By Frank Dallahan
This past week (December 6th) AGTA Gem Fair announced it would move from the JCK Show in 2019 to the Las Vegas Convention Center (LVCC). Within a day or two of the announcement JCK announced they would replace the AGTA space by soliciting other gemstone dealers presumably from around the world to fill the space. A few days later the U.S. Antique Show announced it will continue to exhibit at the LVCC and intends to co-locate there with AGTA. What will come in the days ahead will be interesting to see.
“Those who fail to learn from history are condemned to repeat it” is a quotation of George Santana and it is so appropriate in this current circumstance. The history to which I refer is the story of the origination of the JCK Show in Las Vegas and the circumstances that resulted in the industry’s major show developing in Las Vegas moving from New York City.

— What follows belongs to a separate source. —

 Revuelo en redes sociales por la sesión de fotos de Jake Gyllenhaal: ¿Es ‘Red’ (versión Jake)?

In the late eighties, Jewelers of America owned the show in New York. Their show was the big one and was held at the Javits Center. If you were to ask the exhibitors of the JA Show then, you would get an extensive list of complaints. Show management did not listen to the exhibitors. The timing of the shows (Spring and Fall) was all-wrong. The spring show was too early (January) and the fall show (July/August) was too late. There was an arrogance connected with individuals who ran the show. They didn’t listen and treated many with distain and you might even say with disrespect. A take it or leave it attitude probably characterizes it best.
In this environment Charles Bond, Publisher of JCK Magazine and the current Co-Publisher of The Retail Jeweler, Ed Coyne, presented to Chilton Management (JCK’s parent company at the time) the idea of starting a new show for the industry located in Las Vegas at a time of the year more suited to the industry’s needs in late May/early June. JCK needed the financial clout of Chilton to deal with the Las Vegas convention site and hotels for the necessary room blocks. JCK’s management and staff went to the trade to solicit their opinions of the idea.

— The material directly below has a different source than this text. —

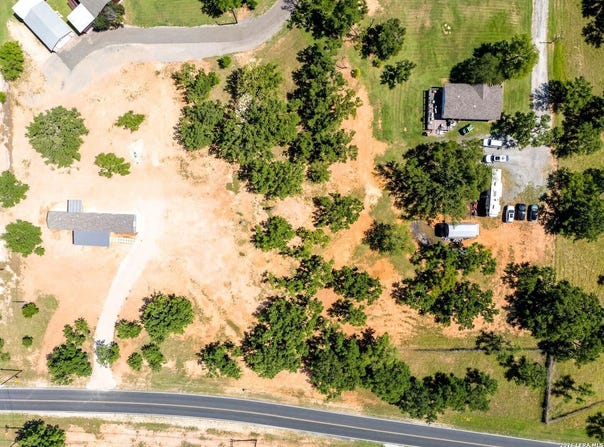 22218 Savannah, Von Ormy, TX 78073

At the time, I was vice-president of marketing for Krementz & Co, and was contacted by my space rep Joy Englebert to solicit my opinion of the idea of a new show in Las Vegas and in late May/early June. My response apparently mirrored the reaction Joy received from her other clients. She was literally shocked with the responses she received and couldn’t believe the depth of animosity toward the JA Show and particularly the show’s management.
JCK announced the dates of the show and the reaction from most of the “industry experts” was the show would not succeed. To the contrary, The JCK Show became the industry’s new leader after several years.
Charles Bond established an advisory board of manufacturers and retailers to discuss plans for the show. We met periodically throughout the year to discuss plans, ideas, and problems. It was a good group. They were forthright and not bashful about expressing their opinions. The result of their meetings was a good show that became better and better. Bond’s goal was to have a show where all were welcome.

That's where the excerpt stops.